| Aim of the task |
In the records below, find the line with "Main image of", then copy each line exactly until you have copied the line with "Oscar Valladares Leaf". Leave any picture out.

=== Exercise inputs ===

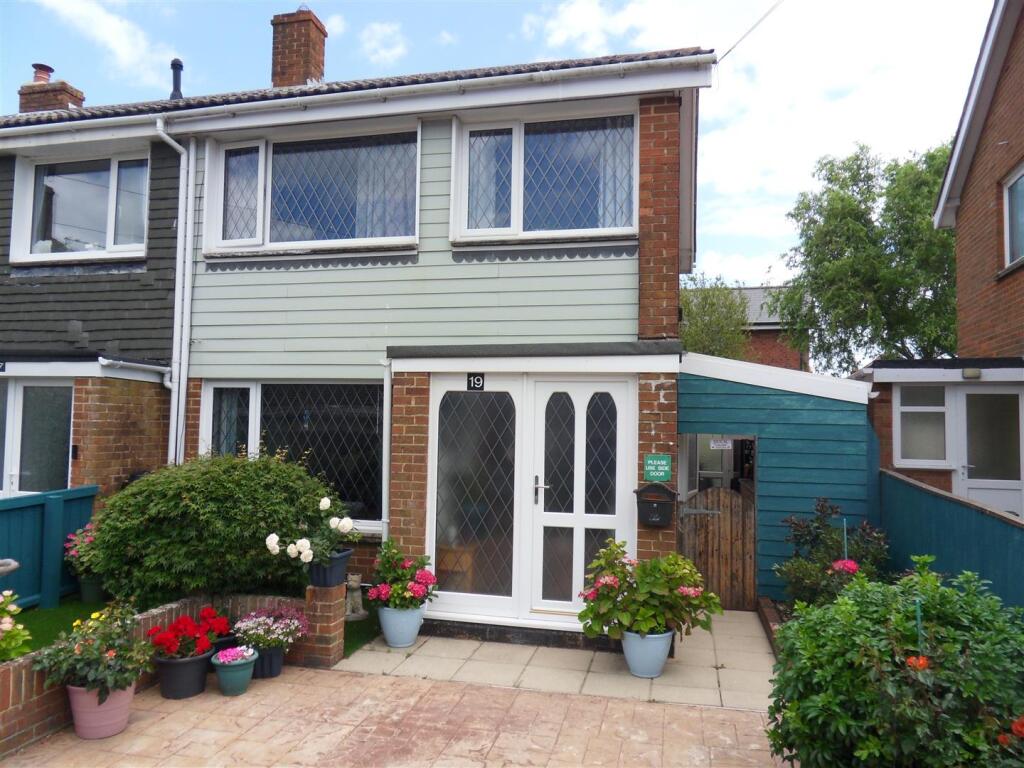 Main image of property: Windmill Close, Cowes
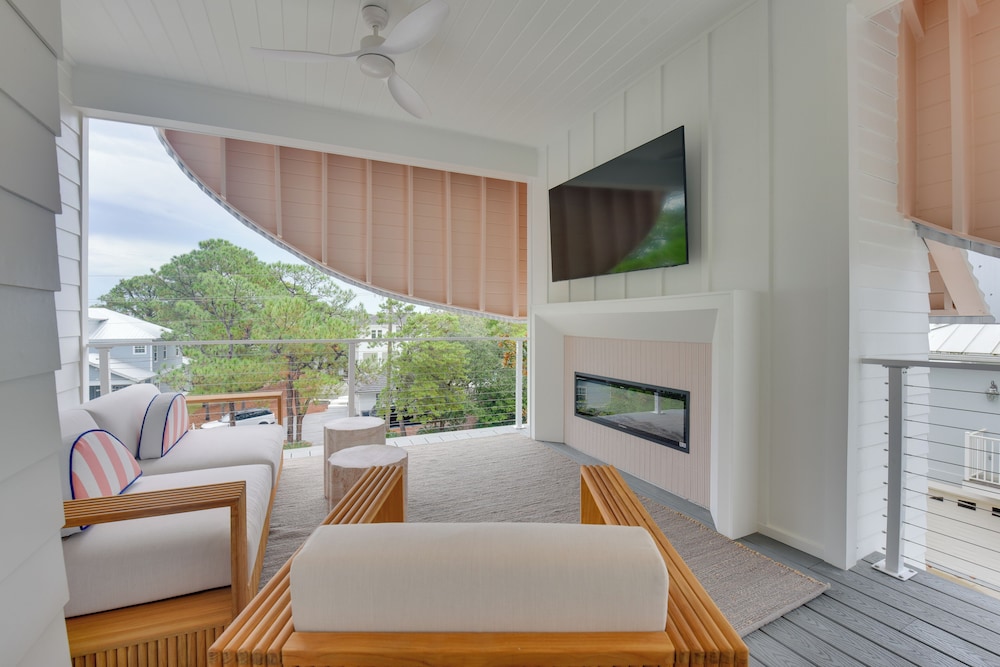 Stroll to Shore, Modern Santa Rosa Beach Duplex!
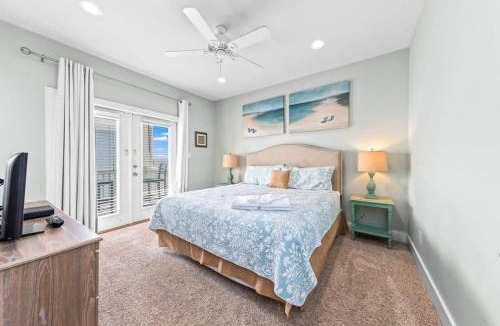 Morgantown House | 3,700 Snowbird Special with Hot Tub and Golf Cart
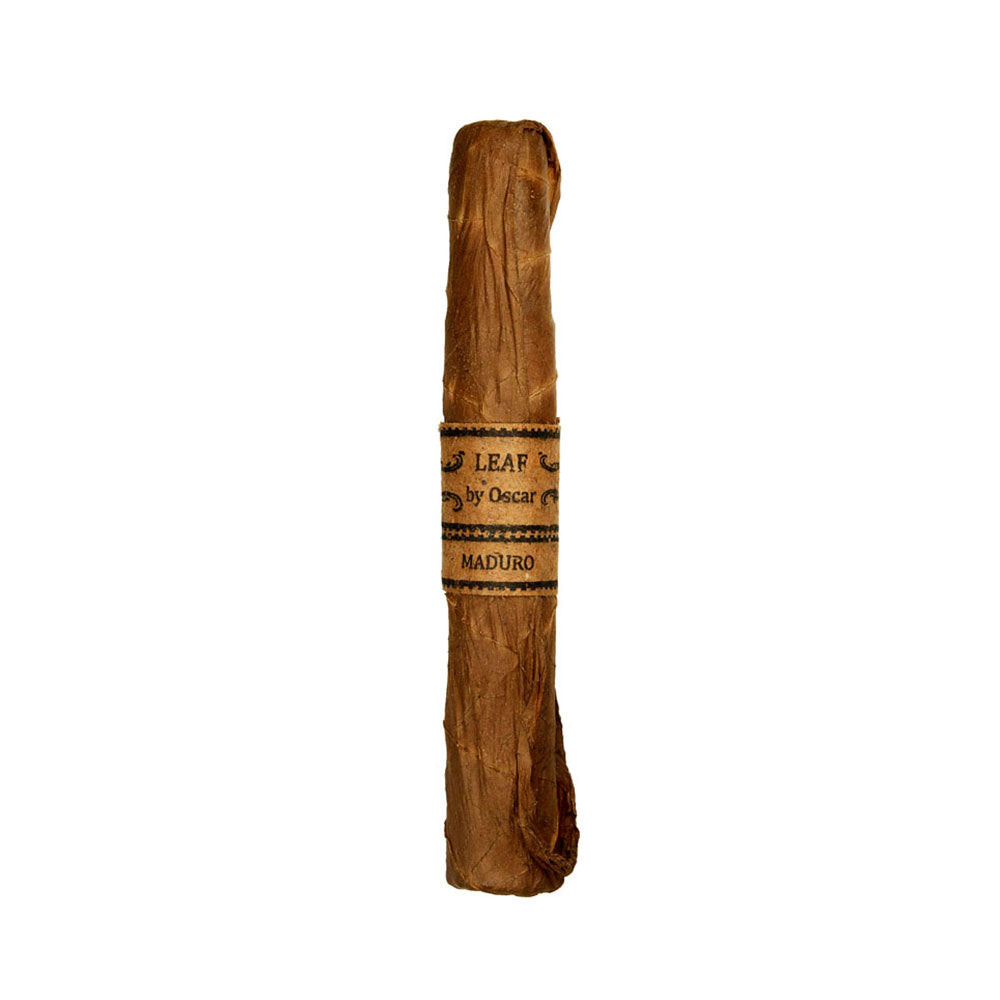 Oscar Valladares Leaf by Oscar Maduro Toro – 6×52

===
=== Exercise inputs ===

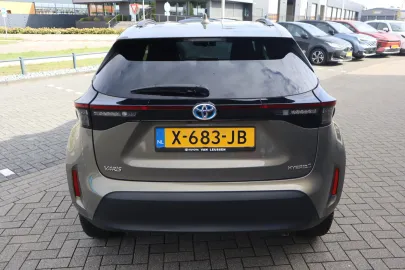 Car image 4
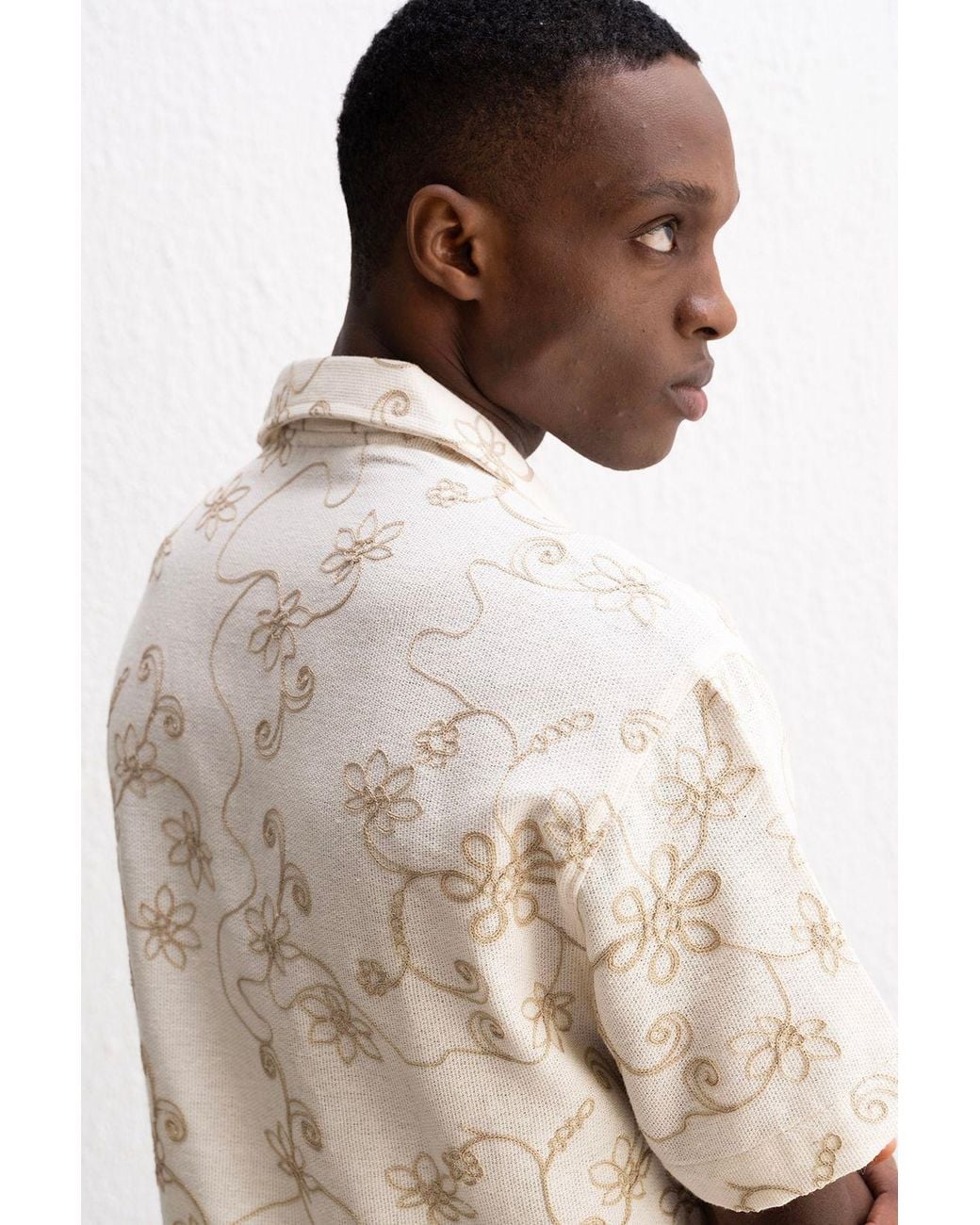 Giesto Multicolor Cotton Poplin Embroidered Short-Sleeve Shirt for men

===

| Answer to the problem |
 Main image of property: Windmill Close, Cowes
 Stroll to Shore, Modern Santa Rosa Beach Duplex!
 Morgantown House | 3,700 Snowbird Special with Hot Tub and Golf Cart
 Oscar Valladares Leaf by Oscar Maduro Toro – 6×52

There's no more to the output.